At Lakmē Fashion Week 2026, Verandah by Anjali Patel Mehta, in collaboration with Lakmē Salon, presented Indigene – a curation rooted in ease, movement, and a distinctly modern idea of resortwear. With breezy kaftans, hand-painted prints, and a conscious approach to design, the showcase reinforced Verandah’s signature: clothing that feels as light as it looks. Actor Diana Penty closed the show, embodying the brand’s effortless, vacation-ready spirit.
We spoke to Anjali about bringing her collections Ammama and Bejewelled to life for the runway.

FL: Your collections, Ammama and Bejewelled, feel deeply personal and rooted in your grandmother’s legacy. How did her style and spirit inform the visual language of these collections?
APM: Both collections are deeply personal and rooted in my grandmother’s legacy. She was a free-spirited woman who lived life on her own terms, balancing a deep respect for tradition with a global outlook. She travelled extensively, and through her journeys, imbibed the best influences from both the East and the West. This shaped her love for heritage jewellery, flora, and cultural elements, many of which she collected and brought into her world.
She was also an incredible hostess, and the visual language of the collections draws from these elements: her home, her objects, and the motifs that defined her life, translated into prints and details as a tribute to her.
FL: Your prints reinterpret vintage jewellery and heirloom textiles. What was the process of translating these intimate references into contemporary surface design?
APM: The process begins with the object itself. We revisit and sketch it, sometimes from memory, sometimes through observation, and then reinterpret it through a modern lens using colour and context.
With textiles, the focus shifts to surface design. I begin with a colour palette and intuitively explore motifs, allowing them to evolve organically. Nature plays a strong role here. I often reinterpret florals alongside elements of earth and night to create contrast and depth. It’s a layered, instinctive approach to composition.
FL: The silhouettes across both lines feel fluid, layered, and effortlessly elegant. How did you approach designing pieces that balance occasionwear with the ease of resort dressing?
APM: Ease has always been central to both my design philosophy and personal style. I’m drawn to a more instinctive, playful way of dressing.
I like creating versatile pieces that can be mixed, matched, and styled freely; garments that transition seamlessly from day to night, or can be elevated through layering. Resortwear, for me, is a way of life. Growing up in Bombay, in a tropical climate close to the ocean, that sense of ease naturally informs how I design.

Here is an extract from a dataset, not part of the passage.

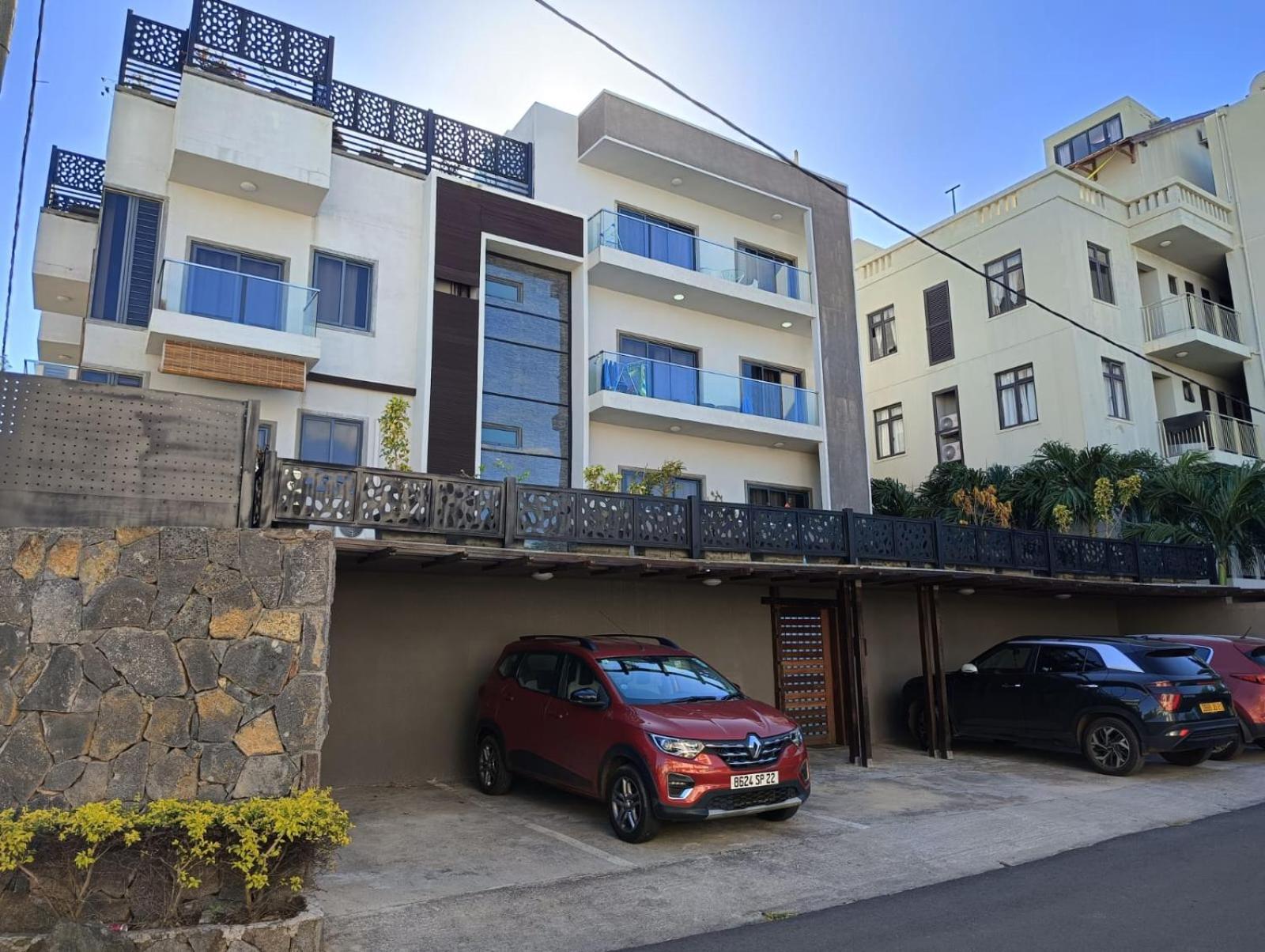 Flic-en-Flacq Newly Renovated Studio Apartment With Rooftop Pool, Few Steps To The Beach מראה חיצוני תמונה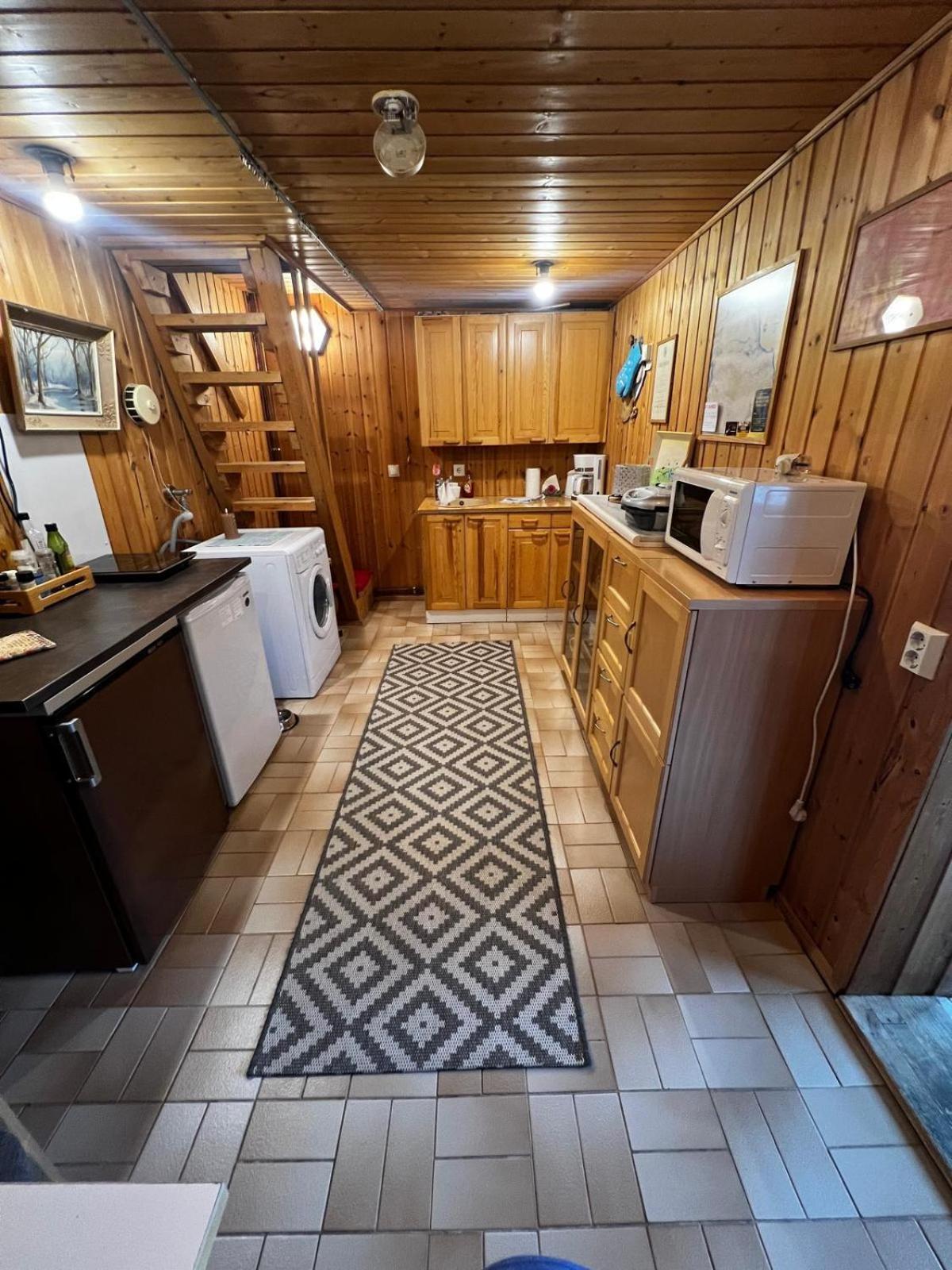 Adorable 1-Bedroom Cottage/Guesthouse In Kittilae Luaran gambar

Comfort, fluidity, and how a garment feels against the skin are essential. It’s about slipping into something that feels effortless, yet still distinctive. At its core, Verandah is rooted in this feeling of ease, balanced with pieces that feel special and thoughtfully designed.
FL: You’ve positioned Verandah as a global resortwear label. How do you retain a strong connection to Indian craft while appealing to an international audience?
APM: The idea has always been to think global and act local. Having lived abroad, I saw Indian craftsmanship being celebrated worldwide, which made me question why more brands rooted in India did not yet design for a global audience. With Verandah, I wanted to build a brand grounded in Indian craft but relevant internationally. We work with some of the finest Indian textiles, incorporate hand embroidery, and collaborate closely with artisan communities like the Patwa community for macramé. We also develop certified sustainable fabrics with Indian mills.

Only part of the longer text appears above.